I ask people to complete paperwork securely online, so the first session can focus on you - the client. My goal is to get to know you, better understand your needs, help you to feel comfortable, and build trust. My style is often client-centered, meaning that you decide how much to offer when. If this is hard for clients, then I will take a more directive approach.

How long do clients typically see you for?

It depends on the presenting problem. Average stay is 12 - 16 sessions. If there are more persistent mental health concerns present or complexity in the case (like multiple traumas), then it can take much longer.

Are there any books you often recommend to clients?

Many of my clients are working on forming and maintaining internal and external boundaries for themselves and with others. Nonviolent Communication by Marshall Rosenburg is a great resource for learning how to say how you feel and assertively state your needs. Vulnerability can be hard, and this book gives you a format to practice it.

I often see symptoms of codependency in clients, who have suffered childhood abuse and neglect.

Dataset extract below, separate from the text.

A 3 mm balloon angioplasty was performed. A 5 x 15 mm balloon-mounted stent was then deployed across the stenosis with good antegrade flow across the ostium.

Facing Codependence by Pia Mellody defines the true meaning of codependency, explains how it shows up in our lives, and provides specific ways to unlearn these behaviors.

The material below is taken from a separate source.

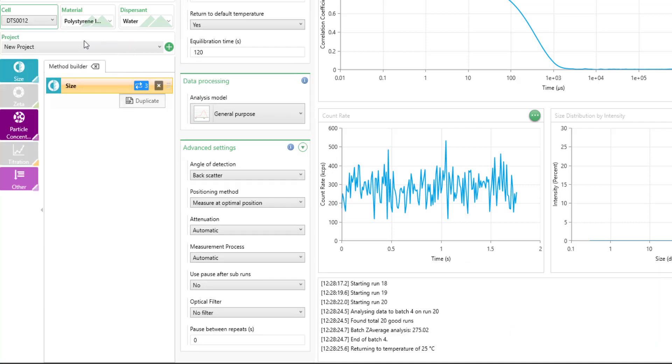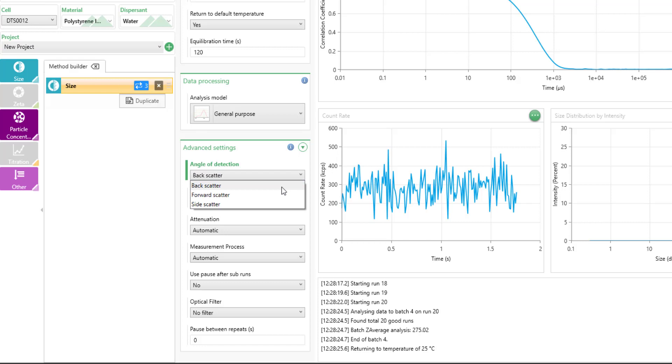If I have another cell selected, such as the regular disposable cell, I have many options on a Zetasizer Ultra to change to the three different measurement positions. If you have the pro, you will not have the side scattering as an option.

Do you assign “homework” between sessions?

I do not provide traditional "homework." I do invite my clients to practice skills I offer for emotional and nervous system regulation, as well as those used to change thinking patterns, in their daily lives. Occasionally homework is provided in the form of reading.

How do you help ensure I'm making progress in therapy?

We will create a treatment plan in the first or second session to identify your goals. We will check in with how our relationship is going and how progress is looking on the stated goals through the duration of care. Typically treatment plans are officially updated every 4-6 months.

How do I know that it’s time to start seeking therapy?

It's time for therapy when life feels hard due to overwhelm or lethargy, when life changes occur, or when you are not loving yourself so much.

How can I prepare for our first session?

Most of my clients report feeling comfortable at the first phone consultation. For those who are nervous about meeting in-person, I recommend taking deep breaths and remembering the reasons why they are coming. Therapy can be scary at first, but it is definitely worth it! Clients only need to bring an ID to the first session.

How will I know it’s time to end my time in therapy with you or reduce session frequency?

Progress is discussed throughout our time together, so there are many opportunities to discuss how we are doing and to plan for the future. I consider the ending of therapy to be a phase of treatment, and I typically notify of the beginning of that phase. Of course, client's views and needs are considered.

Clients are also welcome to leave at any time, and I prefer that it be a mutual decision. Time is spent preparing for the ending and a plan is created for when/how to reach out again if needed in the future.

Why should I seek therapy, rather than turning to my partner, friends, or other loved ones?

It is good to have supportive partners and friends, but they are not trained in helping you to change your brain and regulate your emotions/nervous system. It can be taxing on our loved ones to hold our mental challenges, as well as their own. The therapy space is a sacred place, where you can bring all of you without judgment.

You can be validated and cared for mentally without worries about how you look, act, or what you say. It can be incredibly healing to get things off your chest without worrying about the loss of relationship with the other person.

What advice would you share with therapy seekers?

You don't have to hold all of life's challenges on your own. The earlier you start the better you will feel in the long run.